LONDON (Reuters) - German Chancellor Angela Merkel's conservatives and rival Social Democrats have reached a breakthrough in coalition talks, sources close to those negotiations are reporting just now.
More details will emerge later but the two sides have been working through the night to resolve differences on taxes, migration and other issues. Bavaria’s CSU, sister party to Merkel’s Christian Democrats, was apparently blocking an agreement on raising tax rates for the wealthiest. The big refugee question — whether to allow Syrian asylum seekers to bring their closest family members to Germany — has also been a sticking point.

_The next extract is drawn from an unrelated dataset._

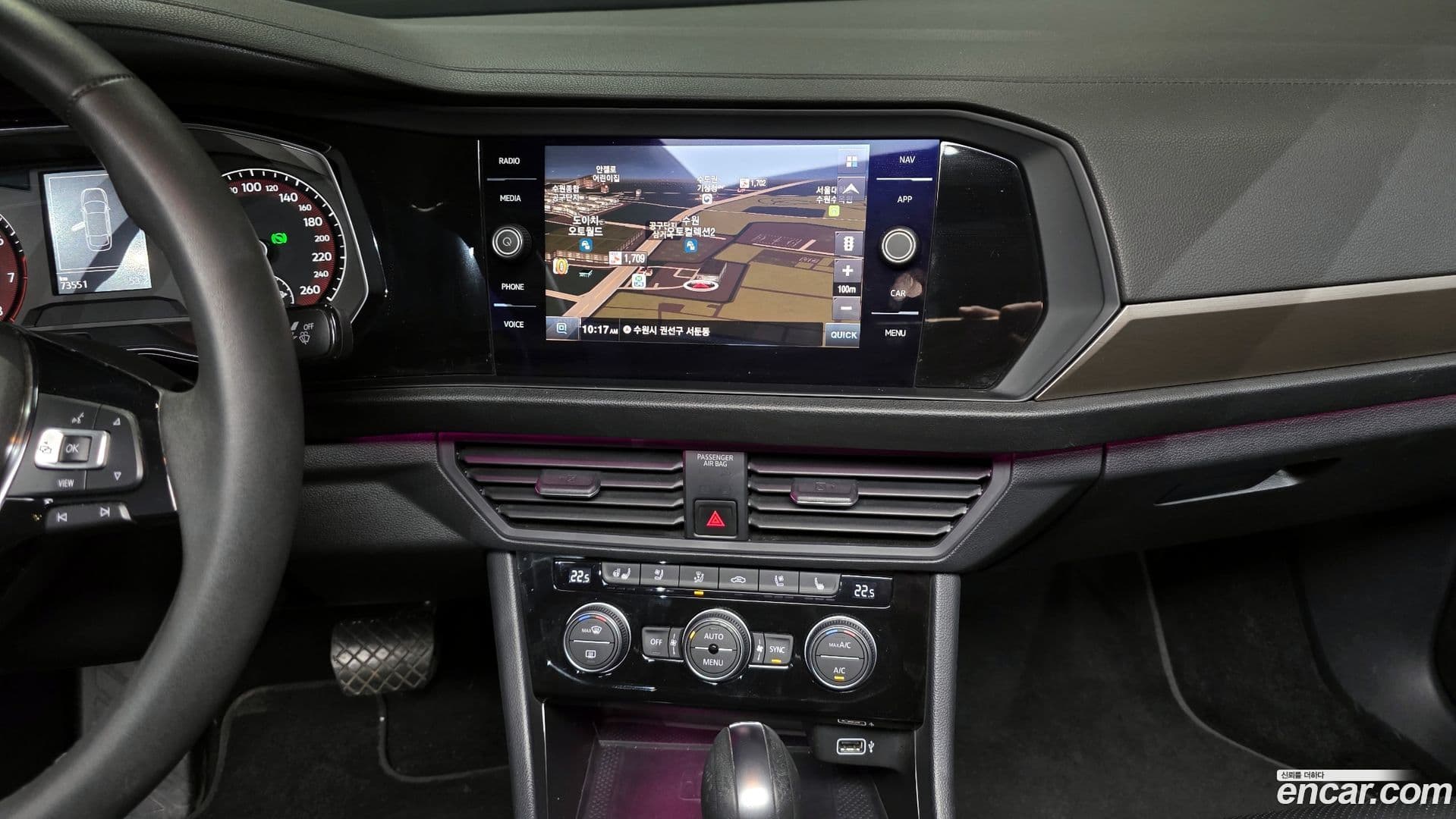 Main__Slider__Photo:Jetta Volkswagen 2020.11-13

A good piece of news for Theresa May? U.S. President Donald Trump has cancelled a visit to London scheduled for early this year, giving as his reason the fact that he did not want to associate himself with the relocation of the U.S. embassy to a new site in London.
In his Tweet, he blamed the Obama administration for what he called a bad real estate deal — however the embassy’s own website showed the decision to move the location was taken months before Barack Obama took office in January 2009. Whatever Trump’s real reasons, it spares May what would have been a deeply unpopular and diplomatically tricky visit.

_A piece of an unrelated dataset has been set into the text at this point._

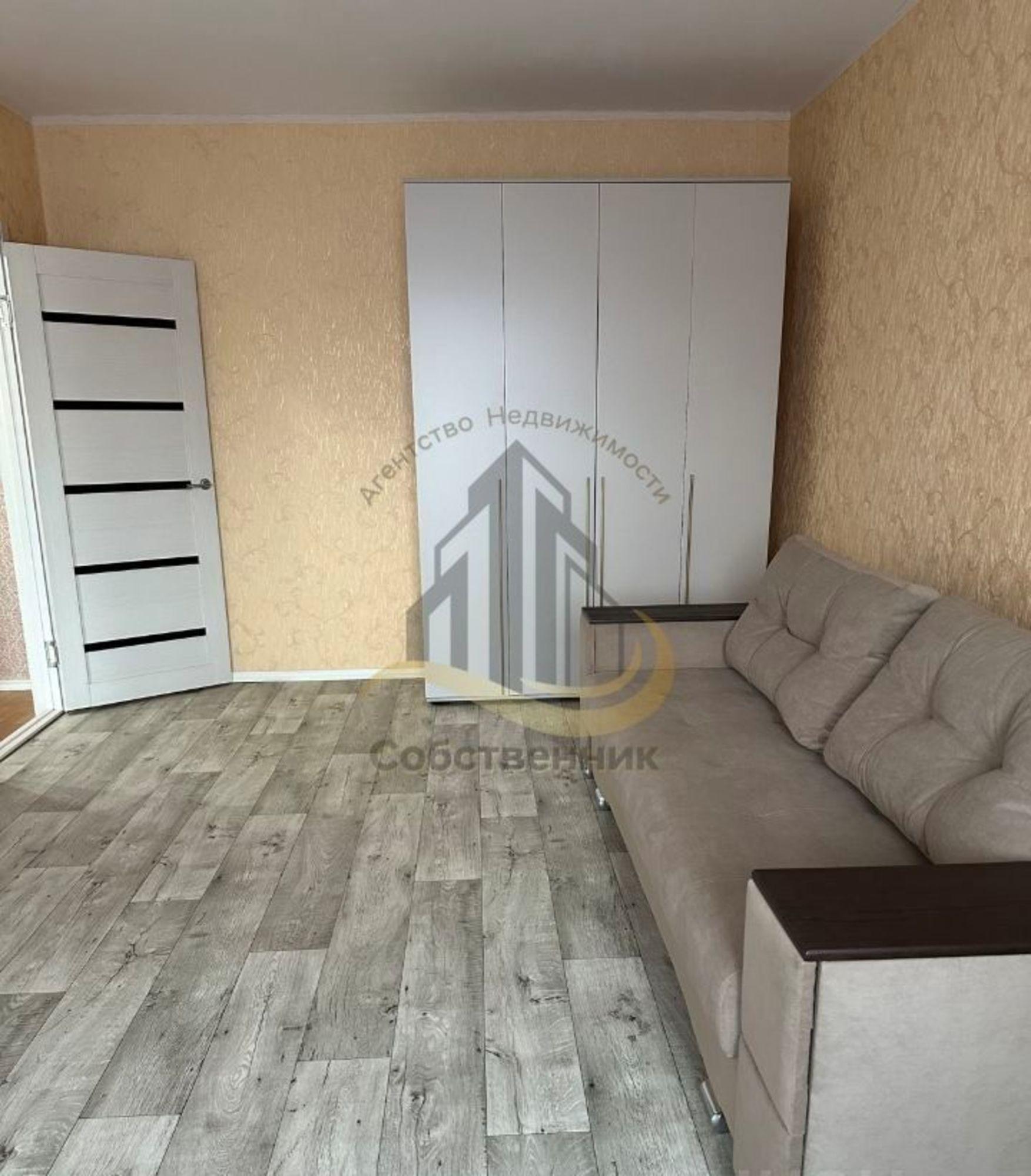 Сдать квартиру за 20 000 рублей на Северный мкр, 4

Today is the first round of the Czech presidential election, with incumbent Milos Zeman expected to win after a run-off round later this month. The outspoken leader has pushed for better ties with Russia and China and backed Donald Trump in the U.S. presidential race last year.

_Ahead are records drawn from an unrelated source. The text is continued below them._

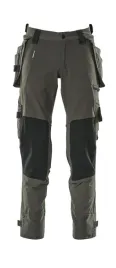 spodnie-z-kieszeniami-wiszacymi-advanced-cordura-kevlar-dyneema-mascot-170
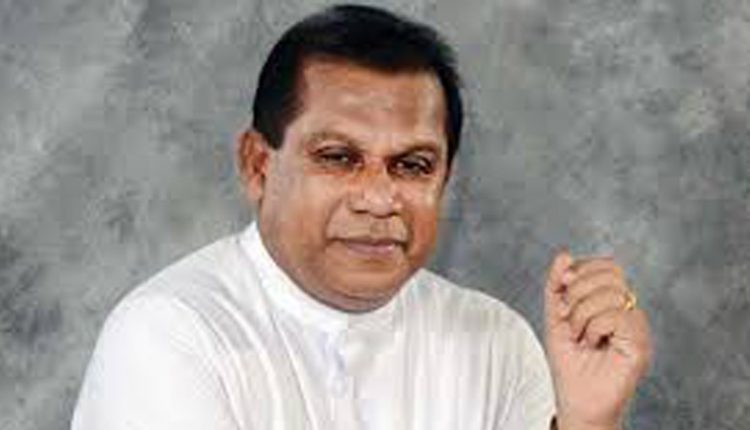 pg01 ranjitha maddumabandara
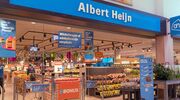 soa testen bij albert heijn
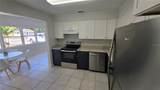 3167 Irving Street - Photo 5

His first term has been marked by battles with a Social Democrat-led government, sniping at reporters, warnings about Muslim immigration to Europe and efforts to improve relations with powers to the east. Zeman has also backed Prime Minister Andrej Babis’ efforts to form a government despite misgivings among potential coalition partners about the billionaire premier, the target of a police investigation into fraud.
What a week. Wednesday's selloff (the only down day so far for world stocks this year) is already a memory, as the MSCI all-country index scales another record high, following on from a record close for Wall Street yesterday. So what if China’s trade data showed a slowdown in December!
The yen is down a touch today but still on track for its best week against the dollar since September after the BOJ spooked markets on Monday by suddenly cutting its bond buying. And yesterday's star, the euro, is up again today, approaching a four-month high to the dollar and set for its fourth week of gains as ECB minutes hinted the bank is preparing to reduce its asset buying programme.
That’s provided fuel to the upside move in government bond yields, taking German Bund yields to 5-1/2 month highs. U.S. Treasury yields meanwhile are off the highs near 2.6 percent hit on Wednesday but still up nearly 10 bps on the week.
And the week is not over yet, with the U.S. reporting season kicking off (JPM and Wells Fargo the two big-name banks reporting) and a bunch of inflation data due, including in the United State and Sweden (the latter’s currency is at the highest in nearly three months against the dollar).
Finally, oil prices are just off three-year highs and Bitcoin is trading close to this year’s low, hit on Thursday.